# WORK REQUEST:
Starting at the line that contains "For iPad 10.2" and stopping at the line that contains "Bulk customized ribbed", transcribe every line of the material below exactly; pictures stay out.
··· RECORDS FOR THIS TASK
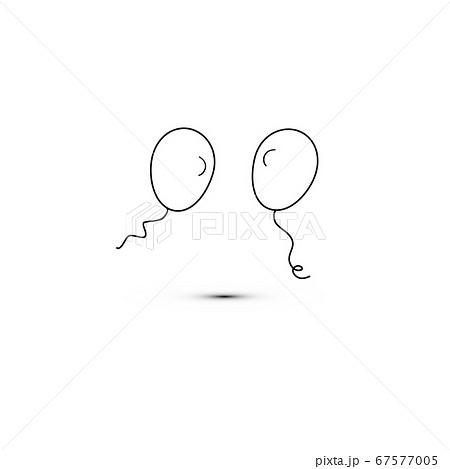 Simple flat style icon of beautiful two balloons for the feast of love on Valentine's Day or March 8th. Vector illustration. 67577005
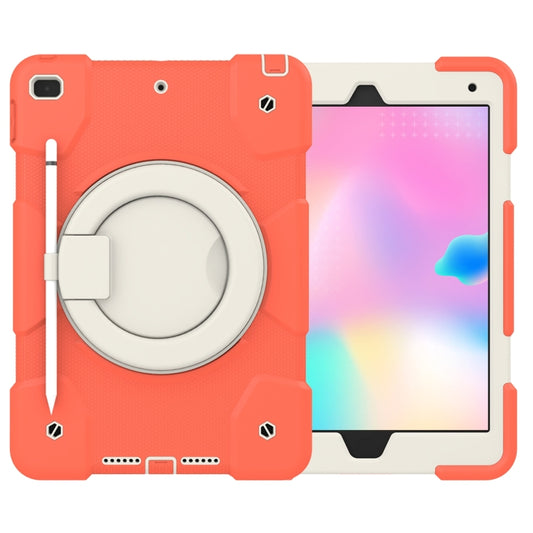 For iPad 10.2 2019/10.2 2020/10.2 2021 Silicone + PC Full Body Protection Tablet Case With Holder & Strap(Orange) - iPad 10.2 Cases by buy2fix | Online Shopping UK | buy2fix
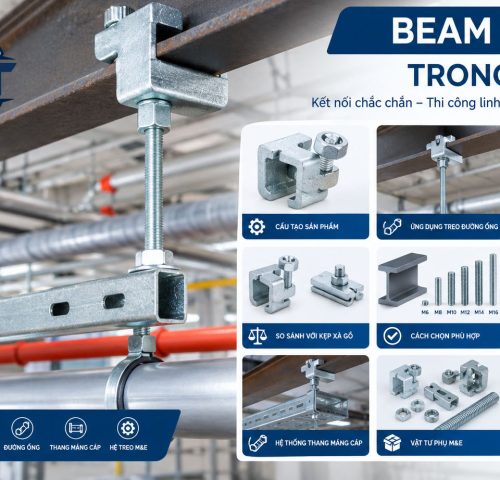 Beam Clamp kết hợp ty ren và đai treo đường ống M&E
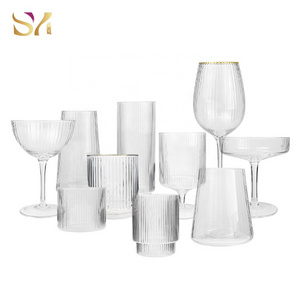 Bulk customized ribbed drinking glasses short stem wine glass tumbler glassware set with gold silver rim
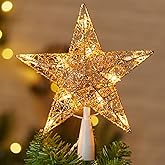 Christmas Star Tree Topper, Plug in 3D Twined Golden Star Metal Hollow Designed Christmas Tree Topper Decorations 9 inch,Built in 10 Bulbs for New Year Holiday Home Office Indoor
······
··· RECORDS FOR THIS TASK
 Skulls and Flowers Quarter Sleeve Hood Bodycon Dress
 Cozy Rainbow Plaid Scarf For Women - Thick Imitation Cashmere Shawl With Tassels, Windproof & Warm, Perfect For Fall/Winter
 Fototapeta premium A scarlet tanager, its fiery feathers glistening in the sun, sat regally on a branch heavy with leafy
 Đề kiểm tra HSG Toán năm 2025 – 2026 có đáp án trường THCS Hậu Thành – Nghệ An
······
# TASK RESPONSE:
 For iPad 10.2 2019/10.2 2020/10.2 2021 Silicone + PC Full Body Protection Tablet Case With Holder & Strap(Orange) - iPad 10.2 Cases by buy2fix | Online Shopping UK | buy2fix
 Beam Clamp kết hợp ty ren và đai treo đường ống M&E
 Bulk customized ribbed drinking glasses short stem wine glass tumbler glassware set with gold silver rim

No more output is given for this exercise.